The S&P 500 Software & Services Index fell for the sixth consecutive trading session, but this selloff failed to attract any significant bottom-fishing buying. Even Microsoft, traditionally regarded as a safe haven, was not spared, with short sellers increasing their positions against the trend. Current market sentiment has evolved from valuation concerns at that time to deep anxiety over the potential disruption of traditional software business models by artificial intelligence.
The U.S. software sector suffered its worst sell-off on Wednesday since 2022, but the "bottom-fishing funds" that usually rush in during tech stock crashes were conspicuously absent.
After the S&P 500 Software & Services Index plummeted nearly 4% on Tuesday, it fell another 1% on Wednesday, marking its sixth consecutive session of declines. Unlike previous market pullbacks, this selloff failed to attract any noticeable bargain hunting.
Options traders similarly avoided software stocks, with trading flows showing investors adding defensive positions rather than seeking buying opportunities. Even Microsoft, traditionally seen as a safe haven, was not spared, as short sellers increased their positions against the trend.
This sell-off in the software sector was the most severe since 2022. In 2022, rising interest rates had severely impacted software stocks, but the current market sentiment has shifted from valuation concerns at that time to deeper anxiety over AI technology potentially disrupting traditional software business models. The collective avoidance of buying on dips by investors suggests that the market's view of the software sector may be shifting from a short-term correction to a structural reassessment.
Bottom-fishing funds are collectively missing.
Steve Sosnick, Chief Strategist at Interactive Brokers, noted a stark contrast with precious metals and semiconductor sectors, as the company’s clients showed significantly less enthusiasm for bottom-fishing in software stocks. “Overall, our clients are far less inclined to bottom-fish in software stocks compared to precious metals and semiconductors,” he said. “While some clients may be buying software stocks, it is certainly not the focus of their trading activity.”
This cautious attitude is even more evident in the options market. Chris Murphy, Co-Head of Derivatives Strategy at Susquehanna Financial, pointed out that the software sector remains under sustained pressure, with options trading flows still dominated by defensive operations.
In the options trading of the iShares Expanded Tech-Software Sector ETF and ARK Innovation ETF, traders are increasing their downside exposure rather than buying on dips. On Wednesday, IGV fell 3%, while ARKK ETF plummeted nearly 7%. Murphy stated that the overall tone of the software sector remains defensive.
Microsoft stands out as the sole bright spot, but short sellers are flocking in.
Sosnick noted that Microsoft is one of the few exceptions in the sector. Although the company is not a pure software enterprise, it has still attracted some buyers. Microsoft shares, which have fallen about 15% cumulatively since the earnings report on January 28, rose approximately 1% on Wednesday.

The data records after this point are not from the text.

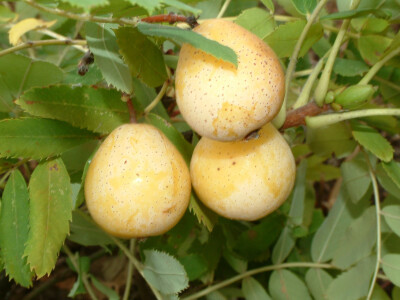 Intervju: doc. dr.sc. Damir Drvodelić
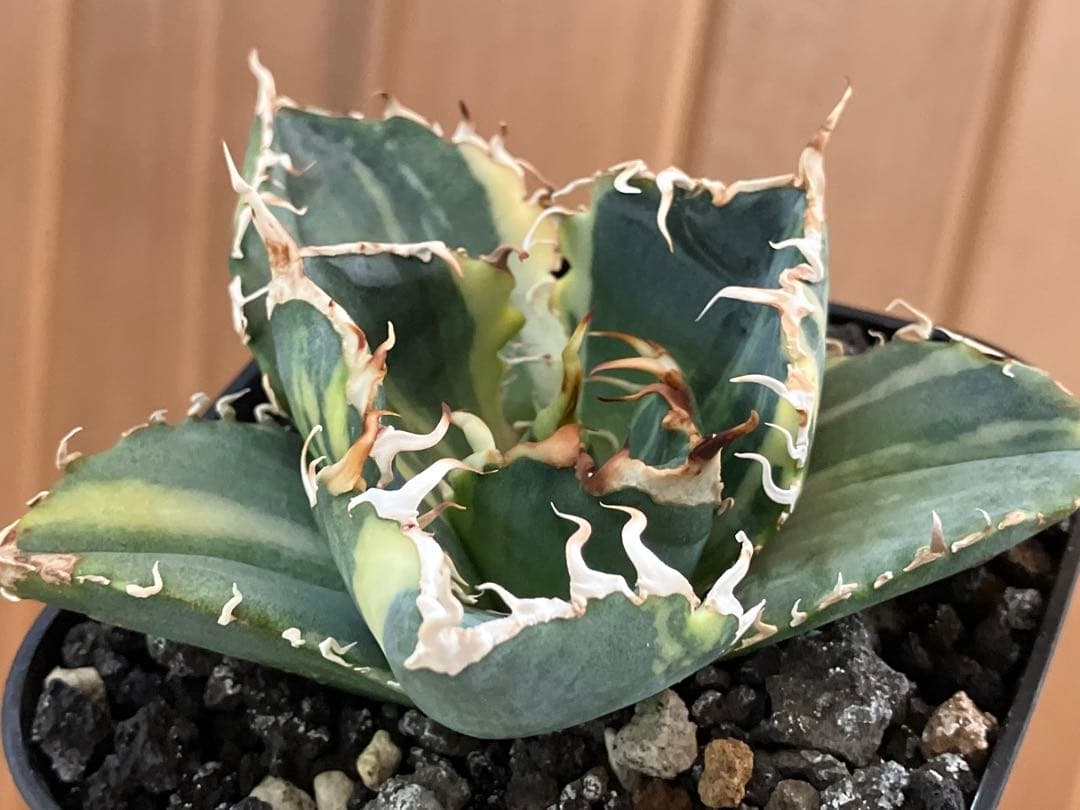 れ*★様 【初売りオークション】118 特大　アガベ　チタノタ　白鯨錦　縞斑　T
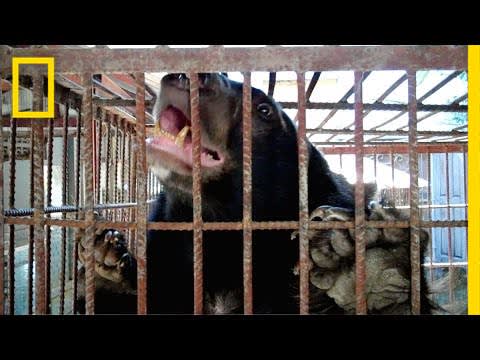 The Fight to Stop Illegal Bear Trafficking in Southeast Asia | National Geographic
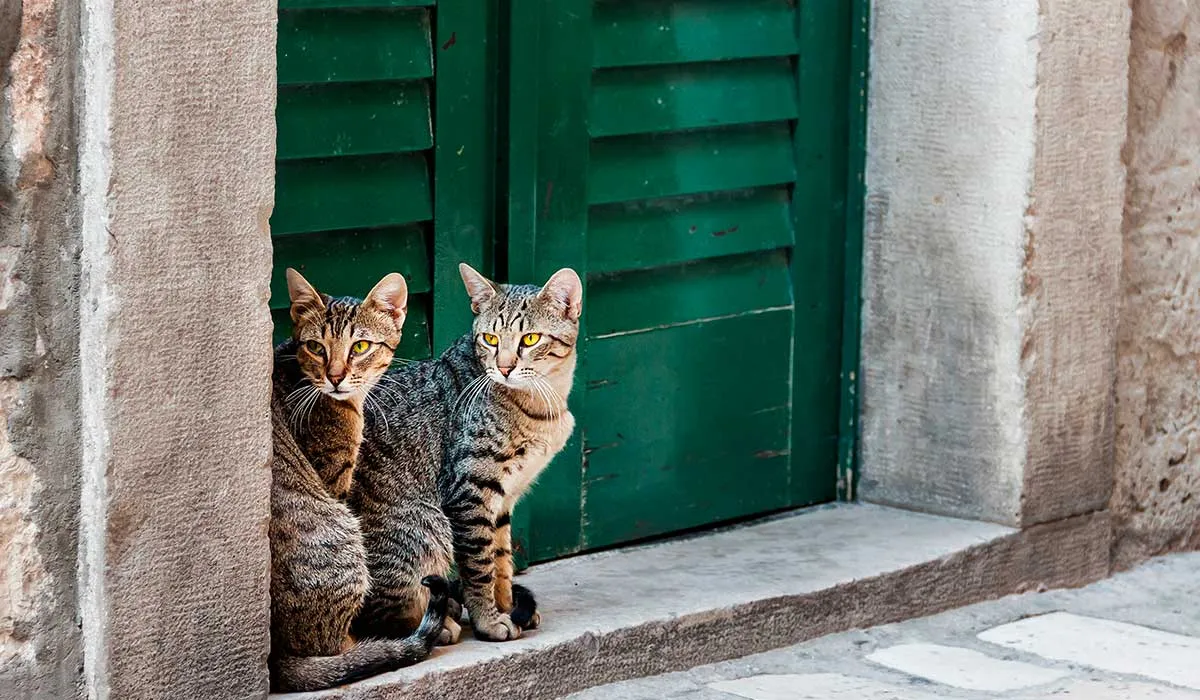 que son los gatos ferales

However, even Microsoft has not been immune to the attention of short sellers. Leon Gross, a research analyst at S3 Partners, stated that short sellers, emboldened by significant declines in the sector, have continued to increase their short positions despite ongoing pressure on the stock price.
"Historically, Microsoft has behaved like a reversal stock, with short sellers covering their positions during declines. However, it is now trading like a momentum-driven distressed stock, prompting short sellers to increase their positions as the share price weakens," Gross said. Data shows that short positions in Microsoft have increased by approximately 20% over the past week.